I mercati sia azionari che dei titoli di stato sembrano svegliarsi dopo la reazione positiva di ieri, inizialmente sostenuta dalla fiducia nella capacità della Fed di Jerome Powell di vincere l’impennata dell’inflazione Usa.
Ieri il Fomc, il braccio di politica monetaria della Federal Reserve, ha annunciato un rialzo dei tassi di 75 punti base, come scommesso dai mercati, al nuovo range compreso tra l’1,5% e l’1,75%, al valore più alto dal periodo precedente l’esplosione della pandemia Covid-19. La stretta monetaria è stata la più forte dal 1994.
Ma nelle ultime ore è prevalso il timore che la stretta monetaria sia stata eccessiva. Spaventa inoltre il rischio di un Volcker Shock: il riferimento è all’ex presidente della Fed Paul Volcker che, come ha ricordato un articolo del Guardian precedente l’annuncio della vigilia della banca centrale americana, “è diventato leggendario come il banchiere centrale che ha fatto scivolare la più grande economia del mondo in una profonda recessione, pur di scacciare l’inflazione dal sistema”.

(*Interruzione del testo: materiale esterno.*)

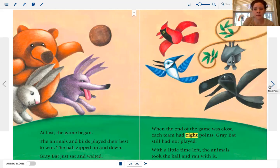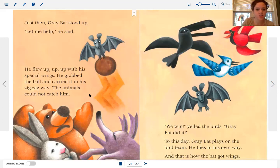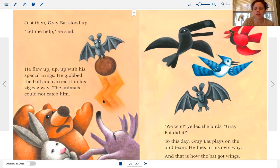Just then gray bat stood up. "Let me help," he said. He flew up, up, up with his special wings. He grabbed the ball and carried it in his zigzag way. The animals could not catch him. "We win!" yelled the birds. Gray bat did it! And to this day, gray bat plays on the bird team and he flies in his own way. And that is how bat got its wings.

Volcker alzò i tassi Usa dal 10,5% del luglio del 1979 al 17,6% dell’aprile del 1980, portando poi il costo del denaro fino al 20% (finendo per causare una recessione).
C’è da dire che i tassi Usa ora oscillano tra l’1,5% e lo 1,75% dopo la mossa di Jerome Powell, neanche paragonabili a quelli di 40 anni fa.
Ad alimentare i timori di una stagflazione, ma anche di una recessione-hard landing è la carica hawkish di molte banche centrali nel mondo.
Dopo la Fed, oggi anche la SNB, Banca centrale svizzera, ha alzato i tassi, tra l’altro per la prima volta in 15 anni: la stretta è stata di 50 punti base, e porta i tassi dal -0,75% al -0,25% (sempre negativi).
Stretta monetaria anche da parte della l’annuncio della Bank of England, BOE: la banca centrale del Regno Unito ha alzato i tassi principali di riferimento degli UK di 25 punti base, dall’1% all’1,25%, ovvero record degli ultimi 13 anni.
Si tratta della quinta stretta consecutiva, che conferma la lotta della banca centrale contro l’inflazione, che galoppa al ritmo più alto degli ultimi 40 anni, pari a +9% su base annua. E, in seno alla Commissione di politica monetaria, i falchi hanno dovuto ingoiare anche il rospo: la decisione di alzare il costo del denaro di 25 punti base è stata infatti votata da sei dei nove membri della Monetary Policy Committee; tre membri del panel hanno votato per un rialzo di 50 punti base, che avrebbe portato i tassi all’1,5%, e che sarebbe stato il più alto dal 1995. Ulteriori manovre restrittive sono all’orizzonte.
Inizialmente, subito dopo l’annuncio della Fed di ieri sui tassi, i rendimenti dei Treasuries, proprio per lo stesso motivo che aveva scatenato i buy sull’azionario Usa, ovvero la fiducia nella capacità della Fed di azzoppare il rialzo dell’inflazione, erano crollati: quelli a 10 anni erano capitolati, subito dopo l’annuncio, di 18 punti base, al 3,301%, dopo essere volati alla vigilia al record degli ultimi 11 anni, al di sopra del 3,49%. I tassi a due anni, più sensibili alle decisioni di politica monetaria della Fed, avevano riportato un crollo di oltre 22 punti base, al 3,216%.
Ma i timori di stagflazione e la prospettiva di nuove strette monetarie da 75 punti base infiammano di nuovo i rendimenti dei Treasuries: quelli a 10 anni tornano al 3,4%, quelli a due anni avanzano al 3,372%, balzando di ben 9 punti base.